Angel Locsin depends Kim Chiu from bashers, shares brainy 'law of classroom' analysis from netizen

Photo file from Facebook

Actress Angel Locsin also expressed her support for colleague Kim Chiu, who has been the favourite subject of bashers after her “law of classroom” statement while defending ABS CBN amid its closure.

Angel said she understood what Kim was trying to say and was also proud of her co-artist.

“Naiintindihan namin, kimmy! Napanuod namin kasi ng buo. Super proud of you.” Angel said in one of her comment, posted by another Twitter user.

“Thank you ate angel,” Kim replied.

"See? Mabuti pa c @143redangel. Pinanood nya kasi ng buo. Kayo ba?" another user said

However, another netizen joined the tweet exchange and asking the former Darna star to explain Kim’s statement.

“Paki explain gurl @143redangel lahat lahat pati law of classroom,” the basher said.

This prompted Angel to post a Facebook user’s analysis of Kim’s viral quote. 

“Mas kaya po nya :) salamat po,” Angel tweeted back.

Here is the analysis which the Kapamilya actress attached:

“Kim Chiu is ABS-CBN’s organic intellectual. It is not easy to think up analogies to forge a critique. She did and it is a breakthrough in showbiz talk. She was talking about how institutions are in fact coercive and actually function as an arbitrary machine of law.”

“Here, she offers an Althusserian reading of institutions like media, schools, legal systems and governments for the 21st century. Althusser was rather soft on ideological state apparatuses and attributes coercion only to their repressive counterparts. And her take even gets more interesting when she, sounding as if a follower of the Paris Commune’s radical democracy proceeds by pushing the analogy further towards citing actual factors, which stand for ABS-CBN’s legal steps are taken through its battle for the franchise.”

“Kim Chiu presents this as a struggle within the classroom between students and the coercive classroom itself where the former manages to modify rules to their advantage. Here, she reminds us of the Commune’s great predicament that it could neither have anticipated nor dealt with while it was trying to seize proletarian power: radical democracy is not the same as revolutionary democracy.”

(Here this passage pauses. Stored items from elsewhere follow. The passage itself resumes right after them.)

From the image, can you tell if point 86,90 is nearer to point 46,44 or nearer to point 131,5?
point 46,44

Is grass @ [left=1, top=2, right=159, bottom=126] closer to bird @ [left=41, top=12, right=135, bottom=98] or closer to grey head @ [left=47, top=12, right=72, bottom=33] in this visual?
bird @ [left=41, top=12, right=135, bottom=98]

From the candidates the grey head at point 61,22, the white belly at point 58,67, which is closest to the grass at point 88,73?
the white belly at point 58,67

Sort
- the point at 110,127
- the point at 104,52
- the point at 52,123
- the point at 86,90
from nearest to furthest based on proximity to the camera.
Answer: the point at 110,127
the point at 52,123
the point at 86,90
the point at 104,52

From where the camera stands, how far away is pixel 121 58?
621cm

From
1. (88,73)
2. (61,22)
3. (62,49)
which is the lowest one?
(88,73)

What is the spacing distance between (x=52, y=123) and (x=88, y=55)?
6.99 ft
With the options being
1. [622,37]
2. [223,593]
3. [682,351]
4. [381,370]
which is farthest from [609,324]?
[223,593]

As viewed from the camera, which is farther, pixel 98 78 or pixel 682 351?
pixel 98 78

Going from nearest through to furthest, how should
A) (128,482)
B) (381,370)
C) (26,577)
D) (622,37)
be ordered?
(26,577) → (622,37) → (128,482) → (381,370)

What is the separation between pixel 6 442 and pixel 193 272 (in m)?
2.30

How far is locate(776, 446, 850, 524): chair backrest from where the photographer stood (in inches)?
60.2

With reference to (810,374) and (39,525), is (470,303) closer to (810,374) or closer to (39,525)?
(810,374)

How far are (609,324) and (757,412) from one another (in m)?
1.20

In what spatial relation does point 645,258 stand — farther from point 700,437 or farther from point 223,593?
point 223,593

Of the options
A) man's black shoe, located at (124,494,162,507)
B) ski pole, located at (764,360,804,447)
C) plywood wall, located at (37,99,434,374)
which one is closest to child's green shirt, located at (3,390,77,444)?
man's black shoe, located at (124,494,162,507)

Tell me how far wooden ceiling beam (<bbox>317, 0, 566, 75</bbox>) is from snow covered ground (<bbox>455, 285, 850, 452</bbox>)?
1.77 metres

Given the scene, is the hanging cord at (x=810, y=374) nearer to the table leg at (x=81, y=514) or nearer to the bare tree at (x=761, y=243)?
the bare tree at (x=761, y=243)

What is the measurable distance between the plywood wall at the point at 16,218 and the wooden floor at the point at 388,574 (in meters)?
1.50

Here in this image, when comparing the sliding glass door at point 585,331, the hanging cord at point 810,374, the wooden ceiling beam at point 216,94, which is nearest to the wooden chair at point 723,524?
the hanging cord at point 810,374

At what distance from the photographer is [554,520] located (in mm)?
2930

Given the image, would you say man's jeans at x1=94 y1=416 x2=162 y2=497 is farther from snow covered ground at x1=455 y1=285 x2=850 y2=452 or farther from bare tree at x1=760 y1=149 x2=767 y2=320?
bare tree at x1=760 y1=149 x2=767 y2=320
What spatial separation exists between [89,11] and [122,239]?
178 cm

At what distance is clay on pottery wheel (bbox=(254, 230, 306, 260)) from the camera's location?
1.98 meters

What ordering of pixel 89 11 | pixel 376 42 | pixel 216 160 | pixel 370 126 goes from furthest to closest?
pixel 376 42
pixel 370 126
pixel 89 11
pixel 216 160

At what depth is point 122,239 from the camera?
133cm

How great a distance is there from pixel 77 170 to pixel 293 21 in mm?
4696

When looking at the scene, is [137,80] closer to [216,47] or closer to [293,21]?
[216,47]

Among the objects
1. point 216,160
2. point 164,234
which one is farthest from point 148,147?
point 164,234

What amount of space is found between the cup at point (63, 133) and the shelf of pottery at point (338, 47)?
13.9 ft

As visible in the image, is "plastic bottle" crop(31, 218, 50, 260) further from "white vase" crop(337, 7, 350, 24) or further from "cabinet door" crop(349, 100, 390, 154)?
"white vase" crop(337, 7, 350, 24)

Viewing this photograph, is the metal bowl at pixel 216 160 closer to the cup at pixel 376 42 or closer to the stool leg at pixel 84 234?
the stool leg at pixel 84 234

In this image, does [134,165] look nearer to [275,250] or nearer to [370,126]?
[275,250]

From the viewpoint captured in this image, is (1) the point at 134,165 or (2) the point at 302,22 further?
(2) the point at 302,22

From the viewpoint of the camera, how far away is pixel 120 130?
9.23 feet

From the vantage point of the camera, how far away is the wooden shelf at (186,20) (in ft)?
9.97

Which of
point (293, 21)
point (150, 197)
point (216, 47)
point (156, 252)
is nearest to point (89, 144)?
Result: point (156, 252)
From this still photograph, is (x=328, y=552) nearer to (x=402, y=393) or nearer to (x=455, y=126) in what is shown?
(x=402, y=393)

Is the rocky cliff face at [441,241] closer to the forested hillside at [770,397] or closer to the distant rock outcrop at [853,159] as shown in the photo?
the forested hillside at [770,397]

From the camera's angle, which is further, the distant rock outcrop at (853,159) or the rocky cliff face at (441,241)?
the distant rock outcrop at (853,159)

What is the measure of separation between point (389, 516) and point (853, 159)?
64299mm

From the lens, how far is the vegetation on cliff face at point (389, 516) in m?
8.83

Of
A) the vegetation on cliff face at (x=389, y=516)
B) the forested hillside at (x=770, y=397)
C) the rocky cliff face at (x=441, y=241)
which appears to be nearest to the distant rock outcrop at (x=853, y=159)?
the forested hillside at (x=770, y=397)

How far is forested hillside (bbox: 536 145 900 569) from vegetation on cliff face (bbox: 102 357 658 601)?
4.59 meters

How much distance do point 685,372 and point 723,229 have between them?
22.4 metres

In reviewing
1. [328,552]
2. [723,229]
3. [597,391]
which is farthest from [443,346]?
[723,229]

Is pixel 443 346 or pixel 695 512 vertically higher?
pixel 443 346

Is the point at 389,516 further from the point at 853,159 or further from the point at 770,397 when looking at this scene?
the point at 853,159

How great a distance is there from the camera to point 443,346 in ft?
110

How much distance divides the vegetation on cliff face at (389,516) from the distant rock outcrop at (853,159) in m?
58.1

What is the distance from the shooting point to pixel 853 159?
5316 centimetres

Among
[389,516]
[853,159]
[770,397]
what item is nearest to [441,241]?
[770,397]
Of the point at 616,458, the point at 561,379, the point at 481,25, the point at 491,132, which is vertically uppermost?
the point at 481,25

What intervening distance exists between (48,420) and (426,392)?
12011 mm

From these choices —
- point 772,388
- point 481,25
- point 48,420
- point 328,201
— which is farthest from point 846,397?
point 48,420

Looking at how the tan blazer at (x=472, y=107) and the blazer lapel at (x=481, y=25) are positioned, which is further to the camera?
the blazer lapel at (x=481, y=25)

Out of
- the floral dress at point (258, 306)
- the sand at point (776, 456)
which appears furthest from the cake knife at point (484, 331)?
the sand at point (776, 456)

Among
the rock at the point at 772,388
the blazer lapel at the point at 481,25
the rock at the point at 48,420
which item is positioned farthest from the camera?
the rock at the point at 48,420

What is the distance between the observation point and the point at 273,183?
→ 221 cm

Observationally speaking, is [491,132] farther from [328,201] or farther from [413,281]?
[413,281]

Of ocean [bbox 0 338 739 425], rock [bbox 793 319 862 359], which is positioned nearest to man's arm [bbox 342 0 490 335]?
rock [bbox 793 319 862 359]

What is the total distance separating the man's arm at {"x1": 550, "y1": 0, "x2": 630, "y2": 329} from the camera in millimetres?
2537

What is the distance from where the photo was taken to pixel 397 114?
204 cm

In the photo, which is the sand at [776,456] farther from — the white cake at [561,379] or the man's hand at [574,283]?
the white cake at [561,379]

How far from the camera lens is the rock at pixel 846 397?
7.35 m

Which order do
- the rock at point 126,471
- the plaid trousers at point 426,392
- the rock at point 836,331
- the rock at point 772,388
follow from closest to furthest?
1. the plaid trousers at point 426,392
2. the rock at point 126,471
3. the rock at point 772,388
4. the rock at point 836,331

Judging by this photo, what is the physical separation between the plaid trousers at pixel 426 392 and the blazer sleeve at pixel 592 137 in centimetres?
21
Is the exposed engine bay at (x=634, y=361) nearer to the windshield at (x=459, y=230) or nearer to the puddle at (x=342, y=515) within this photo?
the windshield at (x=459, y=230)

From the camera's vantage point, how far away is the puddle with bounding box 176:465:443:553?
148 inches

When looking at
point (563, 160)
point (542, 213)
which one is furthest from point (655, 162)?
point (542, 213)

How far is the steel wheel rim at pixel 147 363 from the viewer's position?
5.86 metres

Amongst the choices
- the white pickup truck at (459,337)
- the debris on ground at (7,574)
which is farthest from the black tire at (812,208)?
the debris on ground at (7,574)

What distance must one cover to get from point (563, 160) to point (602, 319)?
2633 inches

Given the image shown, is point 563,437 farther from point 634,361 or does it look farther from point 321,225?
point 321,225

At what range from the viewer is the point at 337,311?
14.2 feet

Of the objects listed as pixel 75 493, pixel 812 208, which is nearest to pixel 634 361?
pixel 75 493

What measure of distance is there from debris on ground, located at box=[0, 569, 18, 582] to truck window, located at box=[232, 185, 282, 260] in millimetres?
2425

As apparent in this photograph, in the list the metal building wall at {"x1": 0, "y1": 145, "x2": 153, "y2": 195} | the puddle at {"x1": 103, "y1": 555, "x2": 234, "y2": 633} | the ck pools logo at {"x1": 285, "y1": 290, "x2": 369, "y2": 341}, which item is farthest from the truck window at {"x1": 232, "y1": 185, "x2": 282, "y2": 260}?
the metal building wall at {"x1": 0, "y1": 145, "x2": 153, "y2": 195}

 “The Paris Commune was quashed for being unable to push for the latter as it carried the radical proletarian democratic form, yet it lacked the substantive revolutionary content that a seizure of power exacts. Kim Chiu is pushing for a democratic form without revolutionary content, thereby expressing the crucial question of our day: Why can’t the liberal democratic state accommodates its own liberal democratic rules?”